And you have a 30 amp 250 volt (L6-30) on a 2 pole breaker in your rhino box, basically 2 hots and a ground for 208&240 volt stuff.. A little tip is swap out the l6-30 for a L14-30 receptical and add a neutral to the neutral bar. Get yourself some 10-4 soow cord with L14-30 Hubbell twist lock ends and now you have 2 more circuits that you can branch out on gfci's. Here's an example I made. 









I'm looking into a levinton or hubbell distro box if I can find it for the right price.

I scored at a used equipment auction awhile back and got 4, 50' 6-4 soow cords with hubbel 125/250v 3 pole plugs, 3 tie in adapters that can be wired into a panel and a few camlok adapters to hook up to large generators. All for probably it's scrap cost.

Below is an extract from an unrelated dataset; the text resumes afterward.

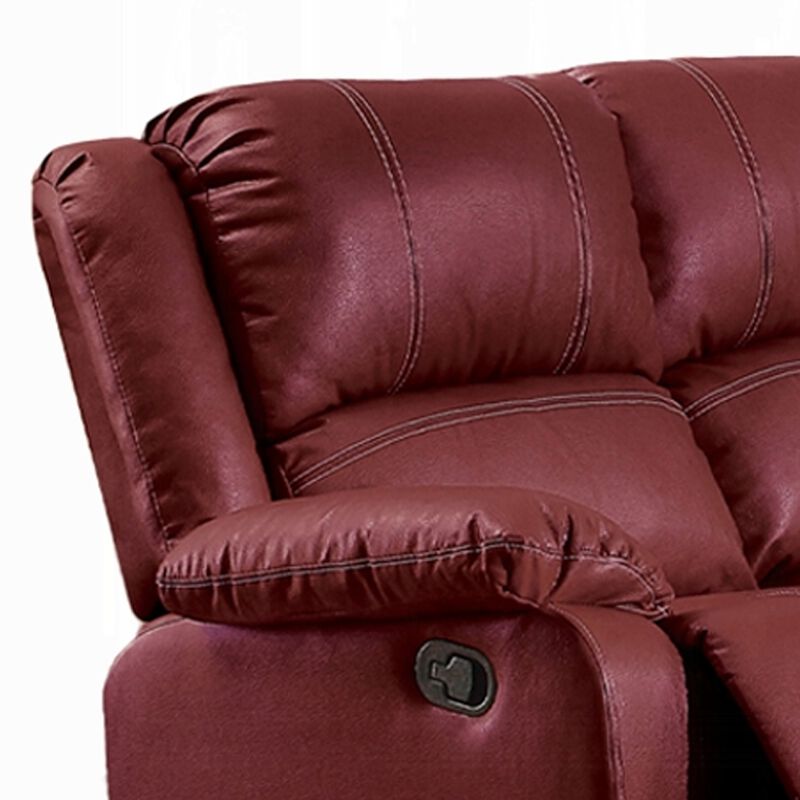 Zuru Motion Manual Recliner Sofa, 3 Seater, Plush Red Faux Leather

I also have about 250' worth of 10-4 soow cord to hook up what I made into the L14-30


----------



## Inner10 (Mar 12, 2009)

mobiledynamics said:


> On the cord, I prefer to DIY with Carol SOOW cord. 6/3-8/1 with Hubbell Ends. Hubbells make the best connectors and Carol SO is THE BEST portable cord in the market IMO.


Carol is the crown king of mic cable.


----------



## mobiledynamics (Jan 26, 2013)

However.....do DIY cords - osha. Let me google and see if the 50 Calis come premoulded.


----------



## Rich D. (Oct 14, 2011)

mobiledynamics said:


> However.....do DIY cords - osha. Let me google and see if the 50 Calis come premoulded.


No, don't think they do. Never seen them


----------